> _Your instructions_
Skipping any pictures, repeat exactly and only the lines from the one that holds "বিএনপির নেতৃত্বে নিরাপদ" to the last line of the material, both included.
══════════
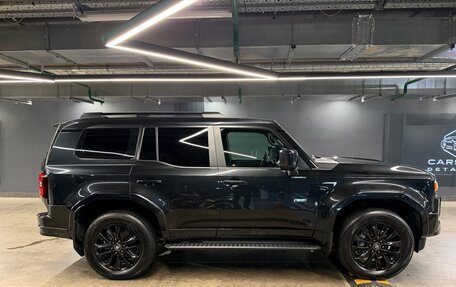 Toyota Land Cruiser Prado, 2025 год, 8 999 000 рублей, 7 фотография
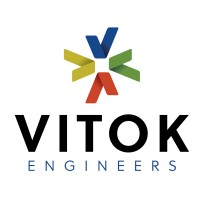 VITOK Engineers, Inc. logo - Similar company to Tap Structural Solutions, Llc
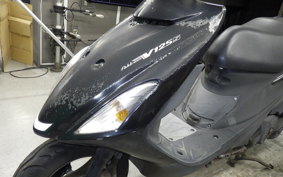 SUZUKI ADDRESS V125 S 1992 CF4MA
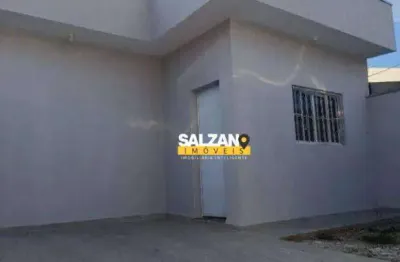 Casa com 3 dormitórios à venda, 140 m² por R$ 500.000 - Residencial Esperança - Caçapava/SP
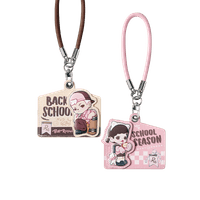 Rayan&Zoraa back to school (Kuji Full Set) 15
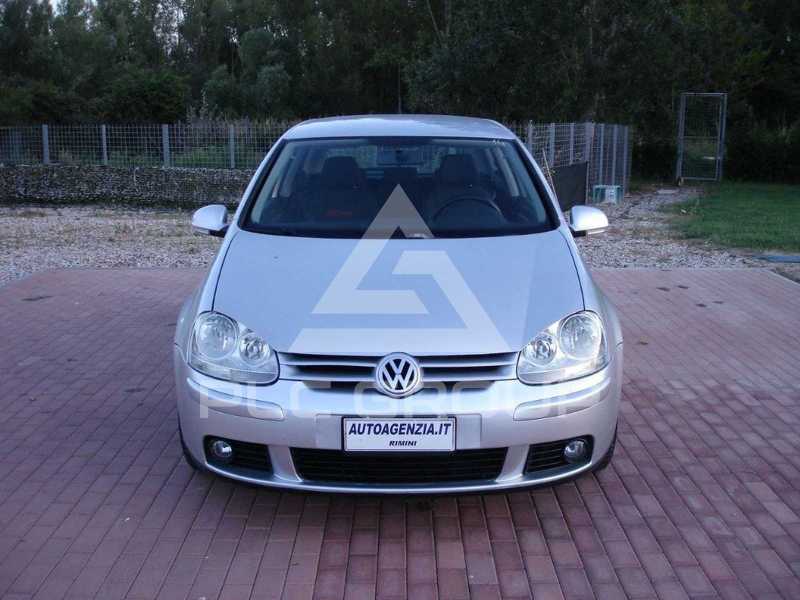 2006 Volkswagen GOLF
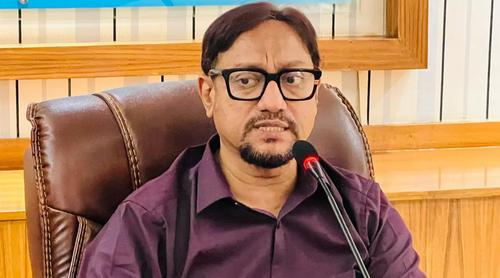 বিএনপির নেতৃত্বে নিরাপদ বাংলাদেশ গড়ে উঠবে: চসিক মেয়র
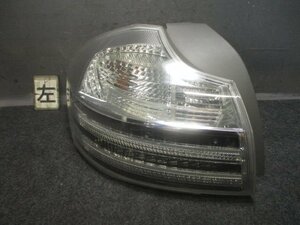 【検査済】 H19年 ブレイド DBA-AZE156H 左テールランプ 81560-12A40 ＬＥＤ ICHIKO 12-524 [ZNo:05012825]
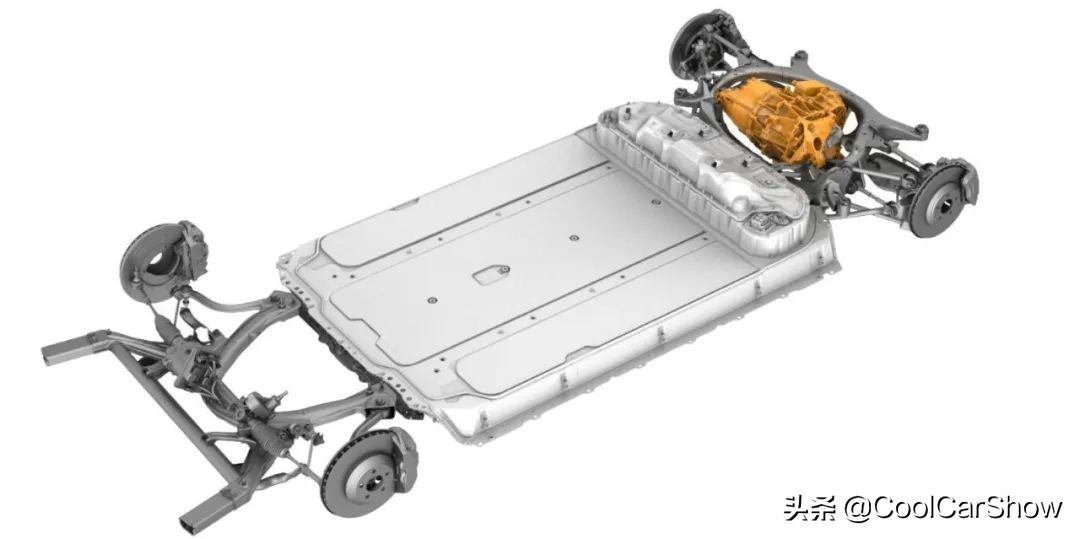 新能源冬天动力下降,新能源能改动力吗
══════════
> _Answer section_
 বিএনপির নেতৃত্বে নিরাপদ বাংলাদেশ গড়ে উঠবে: চসিক মেয়র
 【検査済】 H19年 ブレイド DBA-AZE156H 左テールランプ 81560-12A40 ＬＥＤ ICHIKO 12-524 [ZNo:05012825]
 新能源冬天动力下降,新能源能改动力吗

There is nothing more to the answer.